那几位一听就急了:“那不行,要说爱国,咱们同仁堂哪样比西鹤年堂差?”

“怎么着?他鹤年堂有钱买公债,咱们同仁堂就买不起?咱乐家在天津借钱买公债,这是有口皆碑的事。政府对他不错,对咱们也不薄。政府有困难,咱们同仁堂也得有个表示,这公债不能都让刘一峰买了去。”

“对,咱们也买,比比谁买得多!”

乐松生一听,心中暗喜,这本来就是他使的激将法。比谁更爱国,不是比谁赚的钱多更有意义吗?

由于同仁堂等国药业爱国人士的带头作用,加上乐松生的积极动员,北京的中药业超额完成了“人民胜利折实公债”认购任务。

乐松生不惜抵押自己的资产,向银行货款购买公债;不遗余力,动员老乐家的人踊跃购买公债,如果不是出于对政府的信任,对共产党的拥护,怎么会这样做呢?谁还能说这是“投机”、“假积极”呢?

到了20世纪60年代初,党和政府号召大办教育事业,乐松生不仅带头捐献了两万元人民币,还将自己在崇文区的一套三进的四合院,共计有四十七间房屋的私宅捐献给了首都的教育事业。
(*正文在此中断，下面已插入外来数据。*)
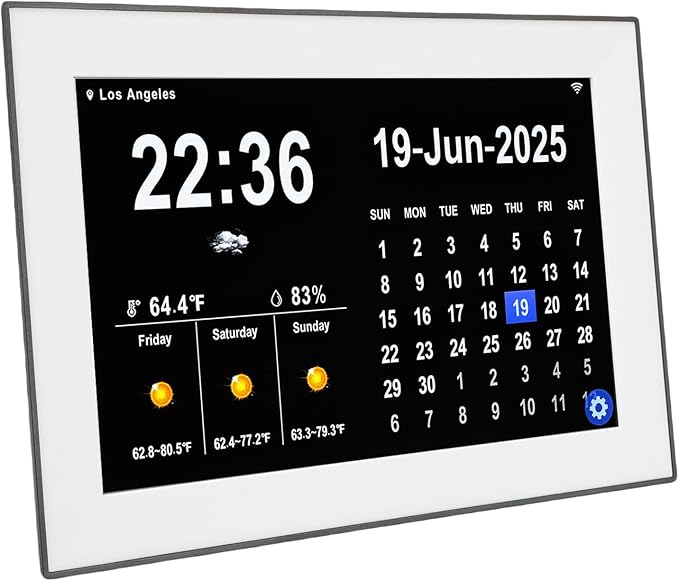 Focket Digital Clock with Date and Day, 10.1 Inch Large Display Touchscreen Calendar Clock 64 Alarms 64 Reminders, Dementia with Temperature Humidity for Elderly Seniors (US Plug)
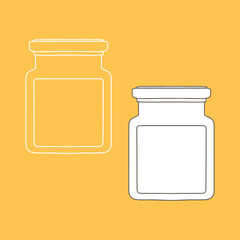 Jar with lid and label. Outline vector realistic mockup.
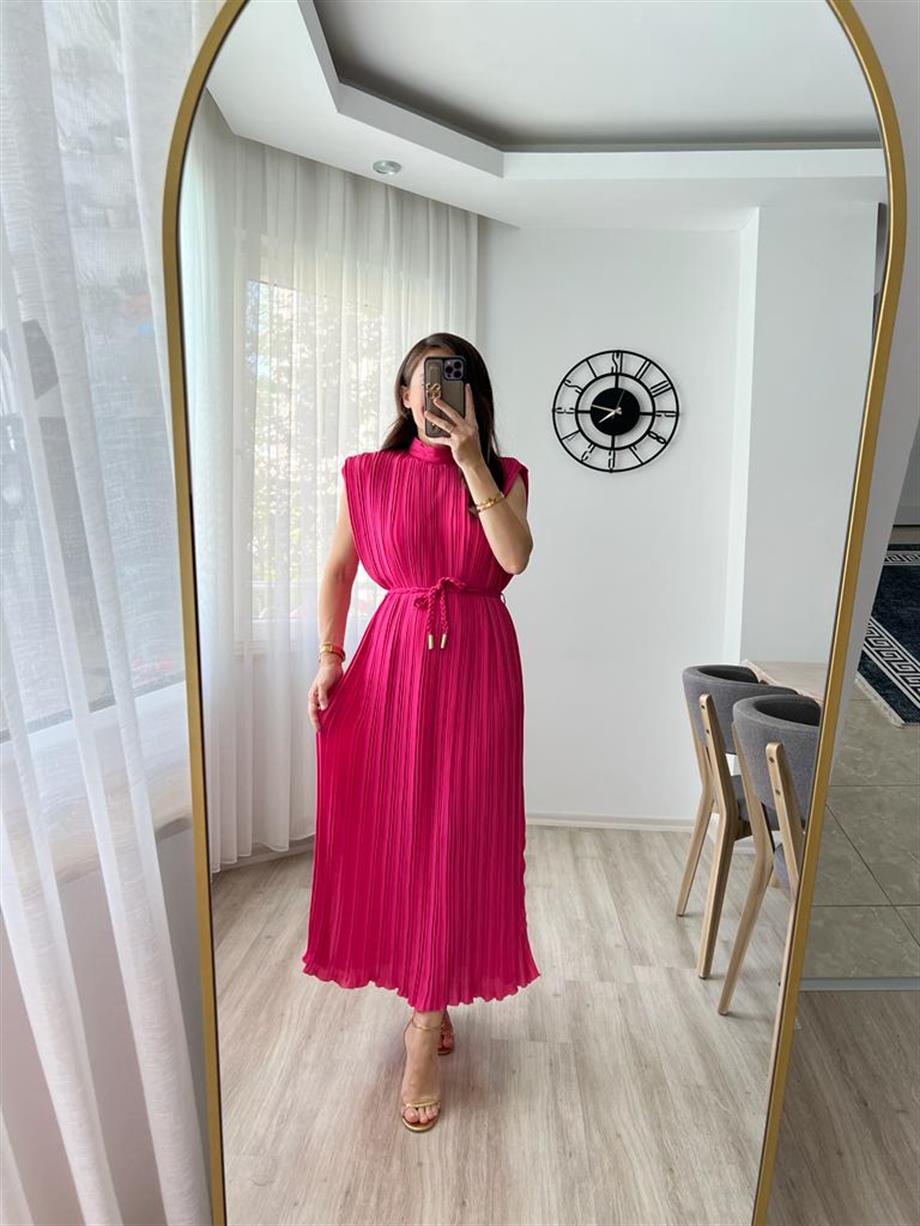 Fuşya Piliseli Örgü Kemerli Şifon Elbise 4280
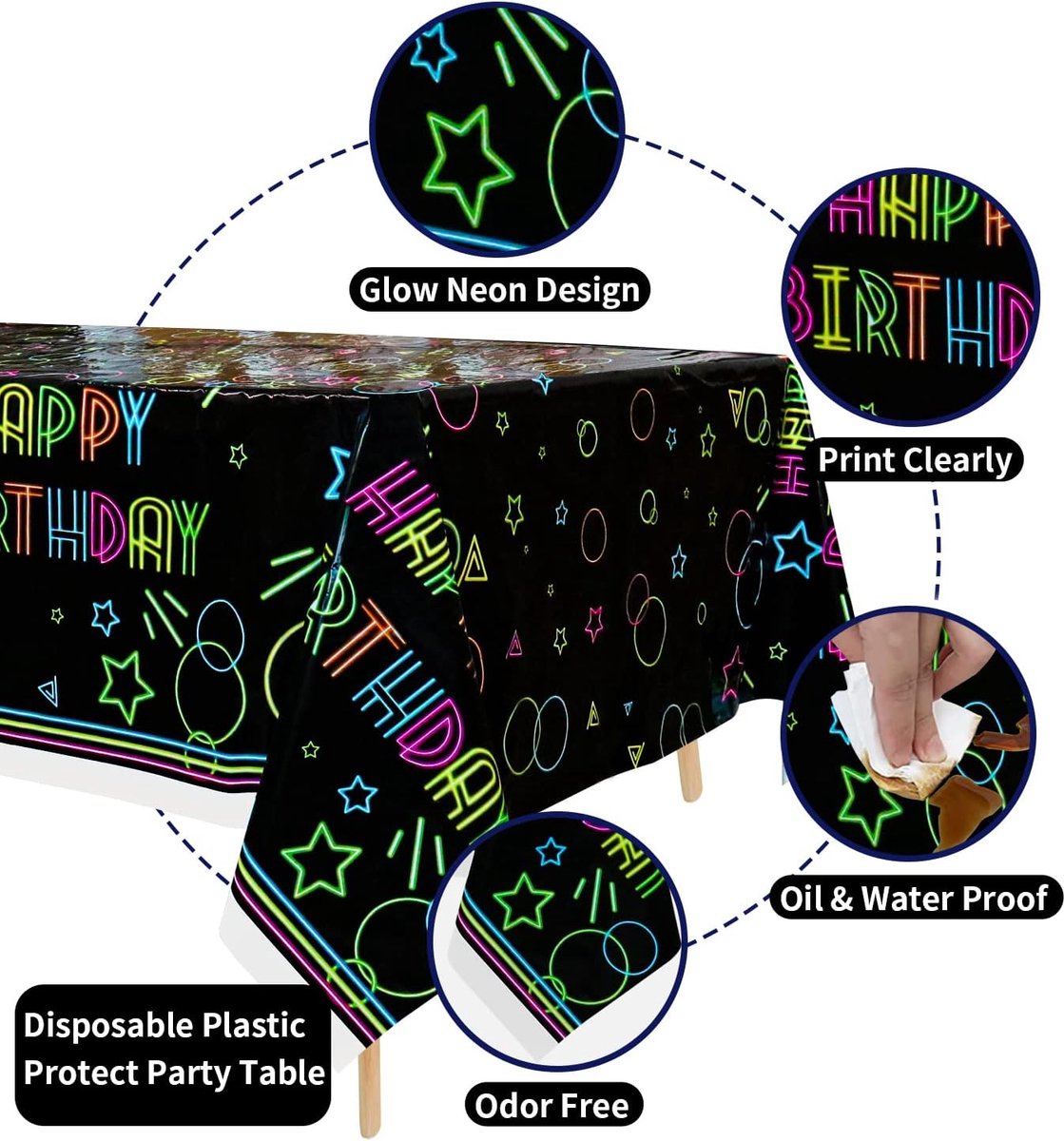 3 Pack Glow Party Tafelkleed Benodigdheden - Neon Plastic Wegwerp Verjaardag Tafelhoes, Zwart Licht Rechthoek All Over Print Tafelkleed 51"x86.52" voor Glow in The Dark Feesten Decoraties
后来,这所宅院成为崇文区一所重点小学的校舍。

刚解放的北京,又脏又旧又穷又破。说脏,有天安门广场为证。为了举行开国大典,北京军民清理掉那里堆积如山的二十万吨垃圾,才使它焕然一新。说旧,当时的北京不仅房屋老旧,而且许多设施陈旧,大多数市民不仅用不上自来水,就连下水道也不通畅。老舍先生的名作《龙须沟》,反映的就是那时的真实生活。那时的胡同则是“无风三尺土,下雨一街泥”,哪里有现在文人笔下的诗情画意?说穷,当时的北京不仅贫民多,而且还有大量失业或无业人员。说破,不仅百姓住的房破,穿的衣裳破,就连新买的袜子都破。新买的袜子为什么会破呢?原来,对那时的普通老百姓来说,连袜子都是奢侈品,有时不得不穿袜子,只好买一种最便宜的袜子凑和。这种袜子是将旧棉线加工成“再生棉线”后,用手工织的,价钱虽然便宜,却不耐穿。北京人会苦中寻乐,会“穷开心”,就给它取了一个生动形象却又叫人啼笑皆非的名字——“过街破”。那意思是,穿上这种袜子,只要横穿过一条街就破了。

经济崩溃,民不聊生,这一切都是国民党政府的腐败统治和日本帝国主义的侵略造成的。当时,北京就连久负盛名的老字号,如全聚德烤鸭店、荣宝斋、东来顺、双合盛啤酒厂、丰泽园饭庄、六必居酱园及大北照相馆等,都因资金短缺而苟延残喘,经营十分困难。